Restons crédible et épargnons-lui toute ressemblance ou similitude avec un être vivant : pas d’enveloppe de chair, pas de cellules, pas de sentiments, pas de capacités sensorielles. IA ne souffre pas, n’est pas envieuse, ne vit pas, ne meurt pas, ne se reproduit pas. Elle ne peut pas tuer, ni exercer de pression psychologique. Oubliés donc Terminator ou HAL de 2001 Odyssée de l’Espace. Et même Matrix et son instinct de survie programmé. En revanche, IA sait se protéger contre tout virus qui tenterait de fausser son fonctionnement.

Quelle sorte de chimère serait donc IA ?

Tout d’abord, elle est immatérielle ou presque. Il y a bien des zéros et des uns qui se combinent à l’infini, filant à la vitesse de la lumière dans des réseaux filaires, optiques ou radio tout autour de la planète. Mais la complexité de ces enchaînements est telle que les contingences matérielles semblent se dissocier du résultat produit. Au même titre que la pensée, immatérielle, se dissocie du fonctionnement neuronal. Mais, comme nous l’avons plusieurs fois exprimé, IA n’a pas d’âme, étant privée de composante affective.

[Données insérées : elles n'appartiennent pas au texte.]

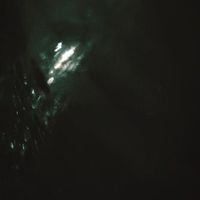 Fashiongore - Dark Wood / Dark Water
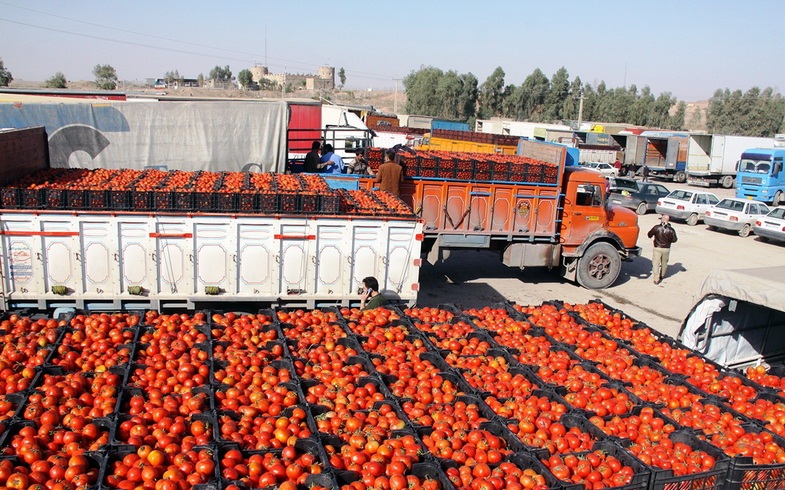 ممنوعیت صادرات گوجه فرنگی از مرز پرویزخان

Si elle n’a pas d’âme, IA est en revanche omniprésente. Elle sait tout et elle est partout. Elle ne cherche pas à nous influencer mais sait en revanche se protéger de ceux qui ne manqueront pas de tenter de l’influencer.

Nous décrivons là une sorte de jumelle rationnelle de Sarasvatî, déesse de la connaissance et de la sagesse dans le panthéon hindou. Et ne doutons pas que des Hermétiques du futur – cette espèce-là est loin d’être en voie d’extinction – vénéreront IA et ne manqueront pas d’inventer un secret de la naissance de l’informatique puis d’Internet au même titre que certains illuminés d’aujourd’hui fantasment sur un supposé secret des Templiers.